Electrolysis and titration results show that the indirect reduction, and, thus, depolymerization, of pDTT derivates using AQ• as an electron donor is feasible. Although no current increase is observed at the first wave in the cyclic voltammograms of AQ/polymer, this can be explained by the different time scales used, with voltammetric sweeping occurring within seconds and electrolyzes in the range of minutes. In line with this interpretation is the observation that it is possible to induce changes to the first reduction wave of AQ using higher substrate concentrations of the model compounds. As expected, the effect on the second wave pertaining to AQ•/AQ2− (located at a 0.8 V potential more negative than the first reduction potential) is more profound. Earlier studies on indirect reduction of simple disulfides demonstrated that electrogenerated AQ• can be used to reduce disulfides to thiolates on a time scale of min/h [36,38].
Likewise, the intramolecular reduction of disulfide bonds in (AQ)pDTT, using the pendant AQ groups as a mediated electron carrier, show full depolymerization [29], although no visible effect can be seen on the timescale of voltammetry.
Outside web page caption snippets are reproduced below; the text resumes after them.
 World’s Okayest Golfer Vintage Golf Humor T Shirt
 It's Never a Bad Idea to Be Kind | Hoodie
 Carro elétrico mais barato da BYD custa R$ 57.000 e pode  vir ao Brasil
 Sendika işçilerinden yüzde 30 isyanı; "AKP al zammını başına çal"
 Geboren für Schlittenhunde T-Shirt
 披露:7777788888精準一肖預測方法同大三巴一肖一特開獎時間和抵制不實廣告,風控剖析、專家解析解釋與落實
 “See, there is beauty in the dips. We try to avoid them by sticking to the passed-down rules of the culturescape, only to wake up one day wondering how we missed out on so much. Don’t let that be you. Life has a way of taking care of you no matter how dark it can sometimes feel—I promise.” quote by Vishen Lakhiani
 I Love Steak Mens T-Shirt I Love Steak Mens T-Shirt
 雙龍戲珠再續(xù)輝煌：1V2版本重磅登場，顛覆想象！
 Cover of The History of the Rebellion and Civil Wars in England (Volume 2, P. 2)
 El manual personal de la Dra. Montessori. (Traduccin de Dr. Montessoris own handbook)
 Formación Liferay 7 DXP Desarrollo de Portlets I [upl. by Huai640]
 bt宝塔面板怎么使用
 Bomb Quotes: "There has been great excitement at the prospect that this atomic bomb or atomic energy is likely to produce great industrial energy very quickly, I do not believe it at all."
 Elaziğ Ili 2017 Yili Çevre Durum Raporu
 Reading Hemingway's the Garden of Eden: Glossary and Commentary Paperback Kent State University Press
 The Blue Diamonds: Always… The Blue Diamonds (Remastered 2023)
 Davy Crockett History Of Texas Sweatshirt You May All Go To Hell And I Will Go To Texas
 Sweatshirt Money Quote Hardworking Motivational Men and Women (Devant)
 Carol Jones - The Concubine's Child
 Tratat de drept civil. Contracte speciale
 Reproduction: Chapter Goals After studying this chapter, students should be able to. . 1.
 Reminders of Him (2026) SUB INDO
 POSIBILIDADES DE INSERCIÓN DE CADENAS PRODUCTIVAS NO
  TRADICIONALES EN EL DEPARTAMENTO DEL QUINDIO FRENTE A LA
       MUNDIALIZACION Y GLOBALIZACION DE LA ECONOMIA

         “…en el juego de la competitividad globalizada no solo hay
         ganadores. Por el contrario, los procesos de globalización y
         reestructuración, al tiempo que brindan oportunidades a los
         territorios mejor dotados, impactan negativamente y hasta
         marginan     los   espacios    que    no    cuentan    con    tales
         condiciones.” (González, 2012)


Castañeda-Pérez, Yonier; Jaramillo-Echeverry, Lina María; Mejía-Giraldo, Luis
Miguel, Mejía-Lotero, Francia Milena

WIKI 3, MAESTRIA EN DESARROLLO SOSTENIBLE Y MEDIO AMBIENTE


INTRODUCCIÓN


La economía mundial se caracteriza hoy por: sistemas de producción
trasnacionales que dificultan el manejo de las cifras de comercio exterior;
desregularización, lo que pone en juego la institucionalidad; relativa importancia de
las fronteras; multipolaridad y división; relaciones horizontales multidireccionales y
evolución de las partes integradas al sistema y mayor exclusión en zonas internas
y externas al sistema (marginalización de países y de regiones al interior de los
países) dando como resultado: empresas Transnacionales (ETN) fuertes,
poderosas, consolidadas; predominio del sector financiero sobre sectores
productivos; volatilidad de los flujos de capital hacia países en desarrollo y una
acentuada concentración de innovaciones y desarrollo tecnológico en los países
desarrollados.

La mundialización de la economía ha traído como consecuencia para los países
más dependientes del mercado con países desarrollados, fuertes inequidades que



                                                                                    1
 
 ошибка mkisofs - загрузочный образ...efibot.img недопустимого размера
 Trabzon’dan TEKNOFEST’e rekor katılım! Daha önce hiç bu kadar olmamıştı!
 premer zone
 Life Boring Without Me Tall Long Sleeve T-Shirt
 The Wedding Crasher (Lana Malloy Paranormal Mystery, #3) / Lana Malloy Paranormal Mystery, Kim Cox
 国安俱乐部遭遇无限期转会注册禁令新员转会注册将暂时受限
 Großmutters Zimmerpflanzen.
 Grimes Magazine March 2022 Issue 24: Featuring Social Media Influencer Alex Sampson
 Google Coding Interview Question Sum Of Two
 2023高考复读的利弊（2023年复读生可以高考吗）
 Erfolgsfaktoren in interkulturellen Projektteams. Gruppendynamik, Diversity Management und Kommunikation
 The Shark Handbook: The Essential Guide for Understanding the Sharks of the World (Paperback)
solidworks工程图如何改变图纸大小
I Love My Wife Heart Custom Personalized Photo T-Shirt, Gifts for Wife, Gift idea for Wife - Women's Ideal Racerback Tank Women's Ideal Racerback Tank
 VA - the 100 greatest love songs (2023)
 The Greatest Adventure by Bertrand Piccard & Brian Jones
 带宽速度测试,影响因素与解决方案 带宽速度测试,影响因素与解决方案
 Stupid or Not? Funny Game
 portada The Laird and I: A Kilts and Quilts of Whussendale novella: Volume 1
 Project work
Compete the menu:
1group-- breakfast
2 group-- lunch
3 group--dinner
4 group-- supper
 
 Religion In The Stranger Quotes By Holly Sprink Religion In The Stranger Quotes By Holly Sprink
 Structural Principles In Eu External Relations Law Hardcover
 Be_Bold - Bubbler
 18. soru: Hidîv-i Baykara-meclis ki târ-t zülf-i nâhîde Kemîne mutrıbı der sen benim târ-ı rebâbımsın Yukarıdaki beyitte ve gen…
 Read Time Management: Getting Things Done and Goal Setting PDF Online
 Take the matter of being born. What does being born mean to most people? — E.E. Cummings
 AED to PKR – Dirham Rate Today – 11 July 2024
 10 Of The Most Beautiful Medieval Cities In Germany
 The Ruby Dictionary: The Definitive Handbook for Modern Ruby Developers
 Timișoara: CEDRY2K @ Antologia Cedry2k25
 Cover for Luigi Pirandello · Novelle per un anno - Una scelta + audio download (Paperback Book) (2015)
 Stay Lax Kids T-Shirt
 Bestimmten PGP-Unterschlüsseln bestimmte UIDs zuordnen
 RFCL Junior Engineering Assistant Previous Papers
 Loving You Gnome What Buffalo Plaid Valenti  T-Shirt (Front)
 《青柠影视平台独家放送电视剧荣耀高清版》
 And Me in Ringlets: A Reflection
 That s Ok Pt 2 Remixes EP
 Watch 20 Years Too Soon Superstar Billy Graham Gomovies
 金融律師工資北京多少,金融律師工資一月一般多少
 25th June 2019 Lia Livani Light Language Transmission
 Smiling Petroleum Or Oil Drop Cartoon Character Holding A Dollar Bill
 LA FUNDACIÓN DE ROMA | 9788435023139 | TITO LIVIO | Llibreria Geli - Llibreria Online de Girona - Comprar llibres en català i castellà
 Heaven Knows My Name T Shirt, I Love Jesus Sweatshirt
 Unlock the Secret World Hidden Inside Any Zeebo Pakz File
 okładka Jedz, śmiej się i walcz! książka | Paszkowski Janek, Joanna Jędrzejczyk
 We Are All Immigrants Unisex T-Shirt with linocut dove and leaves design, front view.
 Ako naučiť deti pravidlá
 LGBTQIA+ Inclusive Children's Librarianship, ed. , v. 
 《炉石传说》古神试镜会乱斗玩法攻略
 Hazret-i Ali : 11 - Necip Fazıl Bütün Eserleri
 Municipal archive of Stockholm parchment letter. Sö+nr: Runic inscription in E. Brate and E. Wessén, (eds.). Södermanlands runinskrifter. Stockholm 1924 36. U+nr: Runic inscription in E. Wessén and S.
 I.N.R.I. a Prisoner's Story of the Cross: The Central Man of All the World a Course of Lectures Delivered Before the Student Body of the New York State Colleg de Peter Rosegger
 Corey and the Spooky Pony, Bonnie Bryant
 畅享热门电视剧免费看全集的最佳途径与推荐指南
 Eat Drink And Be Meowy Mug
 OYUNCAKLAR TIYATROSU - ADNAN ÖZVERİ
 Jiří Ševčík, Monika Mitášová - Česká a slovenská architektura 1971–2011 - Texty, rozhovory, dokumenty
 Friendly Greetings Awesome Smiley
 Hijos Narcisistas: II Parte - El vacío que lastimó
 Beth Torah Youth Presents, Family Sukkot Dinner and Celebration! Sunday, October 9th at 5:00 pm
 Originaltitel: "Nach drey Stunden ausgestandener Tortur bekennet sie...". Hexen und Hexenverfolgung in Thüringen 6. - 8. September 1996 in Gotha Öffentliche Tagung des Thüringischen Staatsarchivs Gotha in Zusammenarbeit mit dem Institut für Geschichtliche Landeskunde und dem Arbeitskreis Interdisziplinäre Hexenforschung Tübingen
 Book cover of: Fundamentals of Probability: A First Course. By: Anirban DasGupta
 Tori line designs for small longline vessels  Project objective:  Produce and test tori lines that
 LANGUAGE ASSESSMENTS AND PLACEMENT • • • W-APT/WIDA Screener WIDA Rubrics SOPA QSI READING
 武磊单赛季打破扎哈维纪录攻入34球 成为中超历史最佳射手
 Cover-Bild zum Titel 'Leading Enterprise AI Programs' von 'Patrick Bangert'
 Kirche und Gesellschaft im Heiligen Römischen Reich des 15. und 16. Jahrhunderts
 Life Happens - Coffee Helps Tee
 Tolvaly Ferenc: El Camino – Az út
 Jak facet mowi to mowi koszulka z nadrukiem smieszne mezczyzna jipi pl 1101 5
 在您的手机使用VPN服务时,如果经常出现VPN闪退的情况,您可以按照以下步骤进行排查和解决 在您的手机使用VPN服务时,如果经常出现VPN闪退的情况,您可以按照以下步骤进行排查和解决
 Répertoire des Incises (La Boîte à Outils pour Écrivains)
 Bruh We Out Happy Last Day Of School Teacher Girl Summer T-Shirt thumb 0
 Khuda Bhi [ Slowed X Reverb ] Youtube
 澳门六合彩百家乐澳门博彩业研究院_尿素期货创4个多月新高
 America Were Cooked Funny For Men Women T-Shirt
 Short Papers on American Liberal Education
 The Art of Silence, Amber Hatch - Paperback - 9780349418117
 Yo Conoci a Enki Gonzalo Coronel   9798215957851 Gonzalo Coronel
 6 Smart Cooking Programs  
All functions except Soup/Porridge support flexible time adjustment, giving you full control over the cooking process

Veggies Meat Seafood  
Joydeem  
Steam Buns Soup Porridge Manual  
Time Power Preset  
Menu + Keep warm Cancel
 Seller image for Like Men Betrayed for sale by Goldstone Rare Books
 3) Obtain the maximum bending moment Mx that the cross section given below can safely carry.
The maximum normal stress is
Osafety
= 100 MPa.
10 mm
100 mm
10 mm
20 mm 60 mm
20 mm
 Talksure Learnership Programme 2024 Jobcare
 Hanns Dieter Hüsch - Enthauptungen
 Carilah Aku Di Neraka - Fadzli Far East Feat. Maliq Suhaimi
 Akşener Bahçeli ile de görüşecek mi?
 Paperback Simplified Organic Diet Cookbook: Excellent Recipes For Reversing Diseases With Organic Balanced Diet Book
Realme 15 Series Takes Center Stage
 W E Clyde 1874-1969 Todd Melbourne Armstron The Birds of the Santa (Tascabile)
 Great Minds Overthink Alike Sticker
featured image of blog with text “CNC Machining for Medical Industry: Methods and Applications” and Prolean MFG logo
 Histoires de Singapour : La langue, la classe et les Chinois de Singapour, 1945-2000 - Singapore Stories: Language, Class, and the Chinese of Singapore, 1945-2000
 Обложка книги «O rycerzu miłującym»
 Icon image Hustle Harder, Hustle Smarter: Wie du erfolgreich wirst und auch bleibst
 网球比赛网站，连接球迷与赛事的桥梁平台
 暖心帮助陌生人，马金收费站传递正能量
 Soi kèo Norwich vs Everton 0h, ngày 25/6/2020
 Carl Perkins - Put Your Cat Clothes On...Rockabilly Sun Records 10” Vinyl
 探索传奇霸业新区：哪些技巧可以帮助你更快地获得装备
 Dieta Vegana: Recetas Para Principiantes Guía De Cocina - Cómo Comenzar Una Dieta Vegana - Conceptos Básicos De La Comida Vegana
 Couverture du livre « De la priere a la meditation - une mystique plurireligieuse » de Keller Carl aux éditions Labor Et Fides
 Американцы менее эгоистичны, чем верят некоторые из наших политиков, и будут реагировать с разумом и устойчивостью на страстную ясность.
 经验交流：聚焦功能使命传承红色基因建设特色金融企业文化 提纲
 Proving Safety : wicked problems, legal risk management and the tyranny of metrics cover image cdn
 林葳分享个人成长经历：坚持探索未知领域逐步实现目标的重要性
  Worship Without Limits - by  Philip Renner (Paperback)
One of the great advantages of conducting electrolysis of pDTT and its derivatives using AQ as a mediator is that it enables us to induce depolymerization at its first-wave potential of −1.07 V (for the intramolecular case even at −0.92 V) vs. SCE, corresponding to a >1 V potential gain compared with the direct reduction of disulfide bonds taking place at around −2.2 V vs. SCE. In addition, electrolyzes of the AQ/polymers using three equivalents of electrons show full depolymerization of all samples, as evidenced by the complete disappearance of the signal in the SEC elugrams in the region of 17–22 min.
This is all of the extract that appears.